_Assigned task_
Below are entries. Copy exactly the lines running from the line that holds "ブラック系のその他パンツ、ブ" to the line that holds "Raptor 2電動(dòng)滑板號(hào)稱最強(qiáng) 可以續(xù)航40公里 Raptor", with both ends included.

═══ Input

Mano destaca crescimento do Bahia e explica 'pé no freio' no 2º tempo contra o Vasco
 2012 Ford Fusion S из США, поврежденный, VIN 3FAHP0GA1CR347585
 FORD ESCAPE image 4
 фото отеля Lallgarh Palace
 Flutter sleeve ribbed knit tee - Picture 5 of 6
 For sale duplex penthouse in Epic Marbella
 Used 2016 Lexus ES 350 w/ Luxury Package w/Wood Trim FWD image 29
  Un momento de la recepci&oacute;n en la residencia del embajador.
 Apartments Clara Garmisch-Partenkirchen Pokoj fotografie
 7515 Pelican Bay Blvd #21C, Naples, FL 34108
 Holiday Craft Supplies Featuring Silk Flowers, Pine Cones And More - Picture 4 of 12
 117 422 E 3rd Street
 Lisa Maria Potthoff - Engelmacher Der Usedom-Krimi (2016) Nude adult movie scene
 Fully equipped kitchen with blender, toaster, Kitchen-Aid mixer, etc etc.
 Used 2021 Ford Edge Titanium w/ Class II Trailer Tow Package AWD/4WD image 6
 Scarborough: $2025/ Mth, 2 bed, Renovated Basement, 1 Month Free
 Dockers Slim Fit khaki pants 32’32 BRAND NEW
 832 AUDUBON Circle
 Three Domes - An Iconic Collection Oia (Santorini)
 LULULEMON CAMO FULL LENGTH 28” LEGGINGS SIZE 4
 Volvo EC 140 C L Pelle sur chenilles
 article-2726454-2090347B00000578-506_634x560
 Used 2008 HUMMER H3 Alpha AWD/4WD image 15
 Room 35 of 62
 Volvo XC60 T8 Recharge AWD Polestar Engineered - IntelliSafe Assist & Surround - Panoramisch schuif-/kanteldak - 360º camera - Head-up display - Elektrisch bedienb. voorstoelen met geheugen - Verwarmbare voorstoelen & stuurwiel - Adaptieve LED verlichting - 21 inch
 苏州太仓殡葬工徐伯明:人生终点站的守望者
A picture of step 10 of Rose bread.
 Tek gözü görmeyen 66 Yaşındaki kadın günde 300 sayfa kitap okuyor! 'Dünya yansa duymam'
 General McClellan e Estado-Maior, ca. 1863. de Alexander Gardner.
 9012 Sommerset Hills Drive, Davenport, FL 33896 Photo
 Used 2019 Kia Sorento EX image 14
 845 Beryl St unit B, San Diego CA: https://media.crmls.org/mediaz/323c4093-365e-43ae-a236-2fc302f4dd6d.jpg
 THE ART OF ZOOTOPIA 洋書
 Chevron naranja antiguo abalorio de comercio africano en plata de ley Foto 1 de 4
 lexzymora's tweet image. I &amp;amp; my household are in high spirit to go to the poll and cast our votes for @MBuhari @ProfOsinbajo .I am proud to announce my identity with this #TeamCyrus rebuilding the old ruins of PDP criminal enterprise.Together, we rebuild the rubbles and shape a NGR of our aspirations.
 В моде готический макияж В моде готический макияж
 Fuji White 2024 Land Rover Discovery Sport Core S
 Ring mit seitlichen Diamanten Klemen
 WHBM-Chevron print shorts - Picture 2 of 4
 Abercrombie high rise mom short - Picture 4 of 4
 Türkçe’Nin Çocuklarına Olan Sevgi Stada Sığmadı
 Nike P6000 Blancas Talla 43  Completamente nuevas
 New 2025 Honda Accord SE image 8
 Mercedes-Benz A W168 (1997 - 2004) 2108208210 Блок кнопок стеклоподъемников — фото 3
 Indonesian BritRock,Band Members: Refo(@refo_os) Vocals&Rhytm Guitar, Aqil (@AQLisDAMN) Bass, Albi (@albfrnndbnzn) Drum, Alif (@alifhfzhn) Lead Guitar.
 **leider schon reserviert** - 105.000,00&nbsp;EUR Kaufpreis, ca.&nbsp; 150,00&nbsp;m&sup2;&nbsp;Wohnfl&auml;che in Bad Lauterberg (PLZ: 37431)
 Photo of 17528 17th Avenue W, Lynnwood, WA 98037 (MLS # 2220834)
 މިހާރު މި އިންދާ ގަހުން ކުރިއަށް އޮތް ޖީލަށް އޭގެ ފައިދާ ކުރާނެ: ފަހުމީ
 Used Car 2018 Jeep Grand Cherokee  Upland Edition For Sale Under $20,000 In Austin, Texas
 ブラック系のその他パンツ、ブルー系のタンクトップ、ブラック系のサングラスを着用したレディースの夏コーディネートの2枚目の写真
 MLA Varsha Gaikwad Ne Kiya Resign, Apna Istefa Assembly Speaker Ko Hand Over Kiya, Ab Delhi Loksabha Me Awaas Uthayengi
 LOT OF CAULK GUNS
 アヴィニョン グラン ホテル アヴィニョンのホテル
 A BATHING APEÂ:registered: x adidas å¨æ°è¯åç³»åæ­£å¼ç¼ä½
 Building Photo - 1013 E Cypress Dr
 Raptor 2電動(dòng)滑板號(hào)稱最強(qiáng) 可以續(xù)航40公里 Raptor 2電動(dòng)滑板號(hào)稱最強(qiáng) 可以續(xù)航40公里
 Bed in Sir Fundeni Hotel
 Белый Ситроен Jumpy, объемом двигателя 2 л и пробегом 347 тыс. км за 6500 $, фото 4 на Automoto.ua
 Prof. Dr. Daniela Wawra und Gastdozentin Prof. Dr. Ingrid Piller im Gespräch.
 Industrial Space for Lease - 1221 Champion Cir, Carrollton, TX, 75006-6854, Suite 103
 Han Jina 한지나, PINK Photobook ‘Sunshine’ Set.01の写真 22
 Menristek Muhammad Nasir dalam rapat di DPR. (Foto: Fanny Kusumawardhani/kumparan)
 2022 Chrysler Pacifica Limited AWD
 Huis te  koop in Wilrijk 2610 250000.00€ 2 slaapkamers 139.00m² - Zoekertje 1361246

══════

_Written answer_
 ブラック系のその他パンツ、ブルー系のタンクトップ、ブラック系のサングラスを着用したレディースの夏コーディネートの2枚目の写真
 MLA Varsha Gaikwad Ne Kiya Resign, Apna Istefa Assembly Speaker Ko Hand Over Kiya, Ab Delhi Loksabha Me Awaas Uthayengi
 LOT OF CAULK GUNS
 アヴィニョン グラン ホテル アヴィニョンのホテル
 A BATHING APEÂ:registered: x adidas å¨æ°è¯åç³»åæ­£å¼ç¼ä½
 Building Photo - 1013 E Cypress Dr
 Raptor 2電動(dòng)滑板號(hào)稱最強(qiáng) 可以續(xù)航40公里 Raptor 2電動(dòng)滑板號(hào)稱最強(qiáng) 可以續(xù)航40公里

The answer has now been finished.